Retail stores turn the beans, or grounds, in to the coffee we drink. Stores like Starbucks have their own roasting facilities while smaller shops may have to buy roasted coffee or export their beans to be roasted. The partnership between retail stores and roasters may help to eliminate costs. If they’re under the same company, the retail store can receive the coffee at a lower cost than if they had to buy the coffee on the open market. Also, the cost and time of negotiating contracts will be lower because it’s taking place within one company. An important aspect of this final step before the customers receive the coffee is the flow of information down the supply chain. When we went to Coopedota’s barista school, our teacher told us that it’s important to know where coffee comes from in order to make the perfect drink. This flow of information is also important in marketing their drinks. They can sell them as regional coffee or emphasize their bold flavors and high acidity. Most importantly, I realized the coffee bean has been through a lot to reach the point of enjoyment in a drink. Of course I also enjoyed knowing learning how to make cappuccinos.


I now know that coffee consumers know nothing about coffee. I didn’t even know that coffee started out as a red cherry.

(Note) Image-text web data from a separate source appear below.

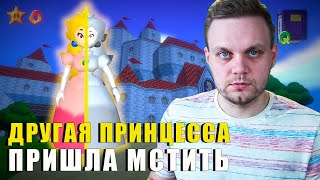 ДРУГАЯ Принцесса | Another Princess is in our Castle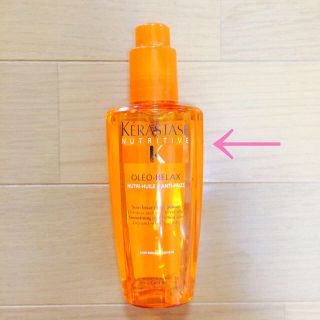 ケラスターゼ(KERASTASE)のケラスターゼ✡オイル(ヘアケア)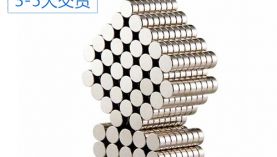 釹鐵硼永磁廠家為您解答疑惑：“磁鐵的牌號(hào)是什么？”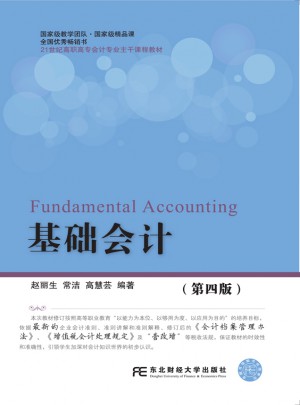 基礎會計（第四版）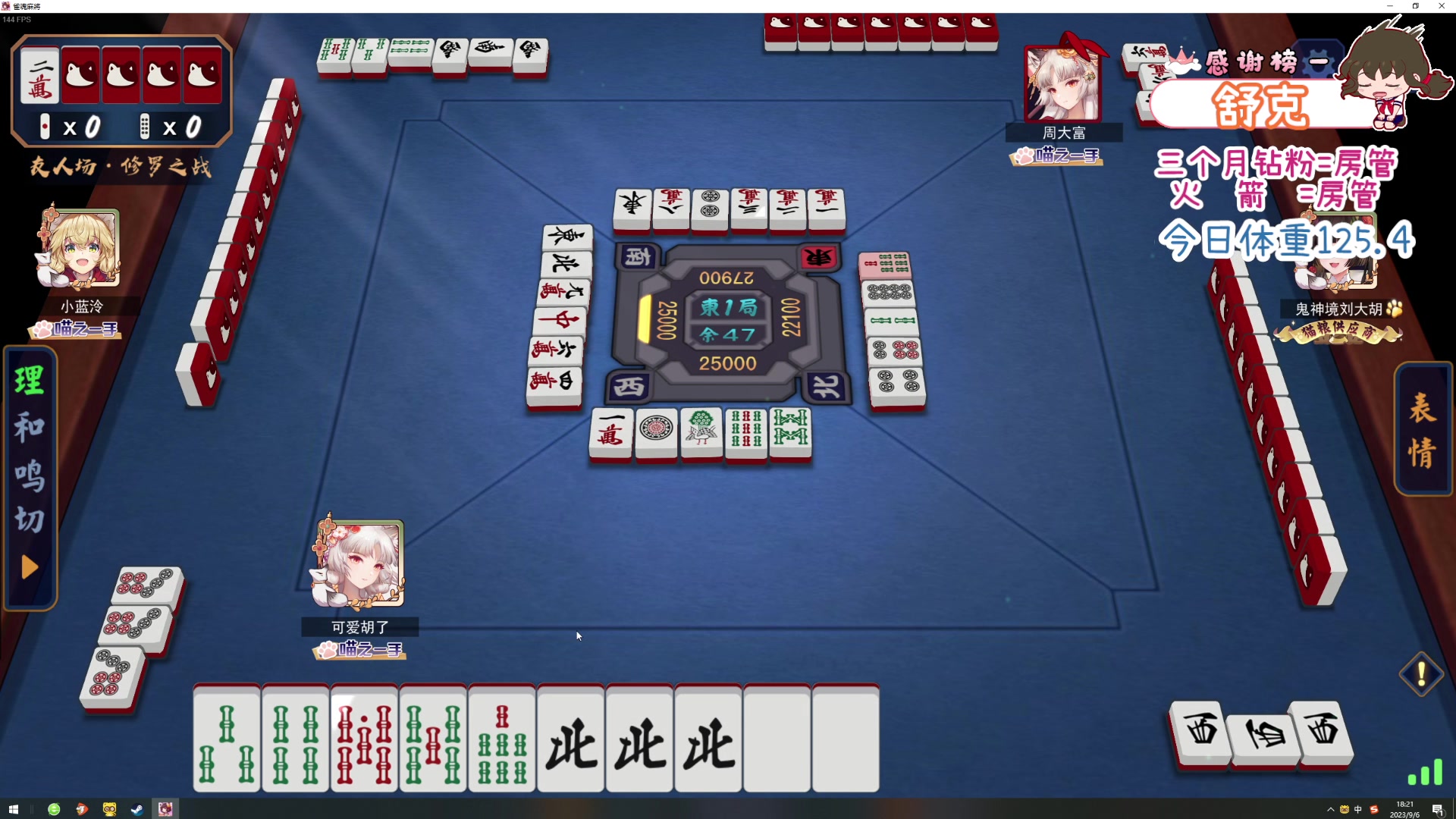 【2023-09-06 17点场】程可爱keai：发生了肾么事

I’m sure there are a lot of coffee drinkers who are connoisseurs and can tell the difference between a cup of Colombian and Costa Rican coffee, but in general, people don’t understand the coffee process. Personally, I love coffee so this trip has given me a much greater appreciation of it. Even without a full understanding, customers drive the entire coffee business because they create the demand. Mario also informed us that coffee is important because the consumers are rich countries and the producers are poor countries, so money flows from the rich to the poor. Ultimately, every coffee companies decision-making processes must relate back to their customers and how to sell more coffee. Every investment and contract must overall help deliver coffee to the customers. I’m happy to after this trip be a more informed consumer of coffee.

See you soon Costa Rica, and Pure Vida!